29 December 2005

Jelly glass


I don't mean jelly glasses as in glasses for jelly, but playing with jelly as you might with kiln-formed colours. These are stripes of jelly (not packet) set within hollowed-out oranges. Then cut in quarters longways. A pretty effect. You could do this with glass -- one technique being hot and the other cold. Which is easier to control or predict? I'm not sure. Another seasonal deployment of creativity. Should I be getting back to my sketchbook?

28 December 2005

6 glasses each on Christmas Day


In addition to the 4 shown on the table were champagne glasses and jelly glasses for the kumquats in orange brandy. What a pleasure to have all the right kit for a festive table. Also visible is a slumped glass plate decorated with orchids (centrepiece) and white asparagus wrapped in smoked salmon ribbons. The coup de grace was also in an asparagus form -- ice cream pressed into 19th century pewter moulds, with perfect green tips.

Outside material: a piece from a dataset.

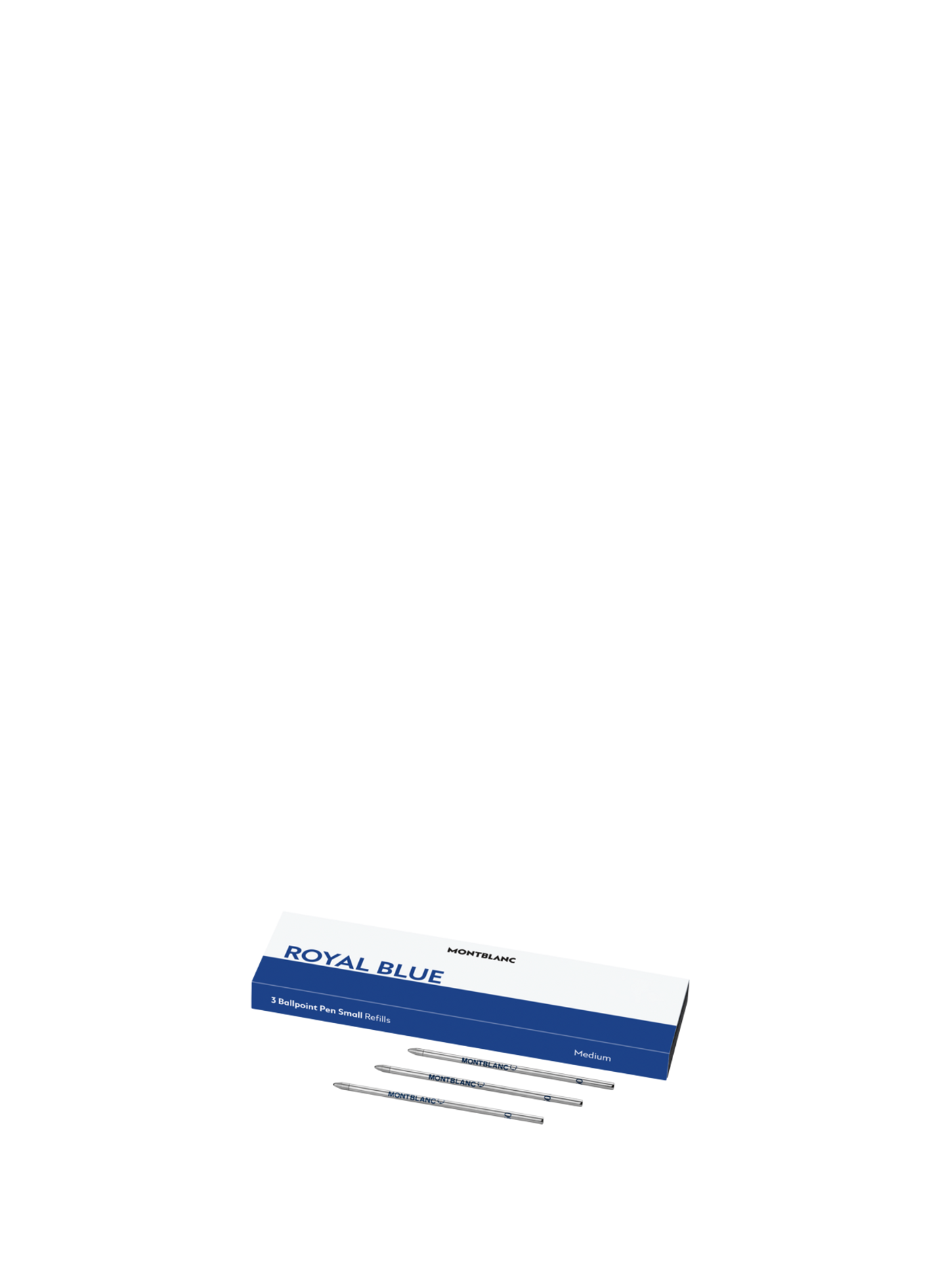 3x Refills for Small Ballpoint Pen MONTBLANC Blue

For the last 2 weeks all creativity has gone into Christmas. I even based my Christmas card on the cube project.

13 December 2005

2nd Floor space


Today I went to see the venue for my 'location-specific project'. This is it. The view is from the lift looking straight ahead and I have my eye on the window furthest to the right of the group of 4. It is inset by about 11 cm so I could trap something within a double-glazed panel. That neatly solves my health and safety problems. The offices will be open plan, so if I use the full height, it will be seen from all offices.

10 December 2005

Disheartening term end


Here I am at the weekend wondering what to do with a bunch of cubes. Realise I have been putting energy into objects I don't want and can't find space for. Yes, it was all about learning, but the way the term fizzled out felt a bit like slow-cooking a complex dish, putting it out on a carefully laid table -- and then no one came to eat it.

09 December 2005

Wasted day

No pix of my 'assessment display' because I've shot them on the internal memory of my camera and have no idea how to transfer them. Anyway, what a farce! Each of us went through a charade of presenting our work to the tutors while the other students sat in the canteen twiddling their thumbs. An entire day of nothing achieved and nothing learned while next door the potters were happily potting, with no need to do all this ludicrous form-filling. At least if we had all listened to each other's spiel about our work, that would have been worth-while, but yesterday was costly both in emotional energy and in extra (and unnecessary) expenditure. Do we get to assess the way the course is run, I wonder?

03 December 2005

Cut, opened out and slumped


Here are 3 more versions of the cube: cut across to make two hexagons, which I have reshaped, engraved and glued side by side. The middle one represents the solid opened out into its component slices and copper-foiled - the mottled effect is created by sandblasting the back of a mirror. The 'bra cup' shape is what happened when I allowed a cast cube to slump by itself.

01 December 2005

Still floating

Next Thursday is our assessment day and the end of the cube project -- hurrah! But actually, after a bored patch, I started to enjoy it again. Even now I don't feel I have squeezed everything I could out of it. There's a lot you can do with float glass. I am still hoping, for instance, to do something out of white float, but the bit I have ordered hasn't arrived yet. I nevertheless have 10 pieces to show (5 requested). None are beautifully finished, but I now know what I should have done to improve them. If our group had been allotted lead glass instead of float, I think I would have gone the extra mile and spent time on hand-finishing a perfect cube because of the optical illusions one could then get by engraving one, or maybe two, sides.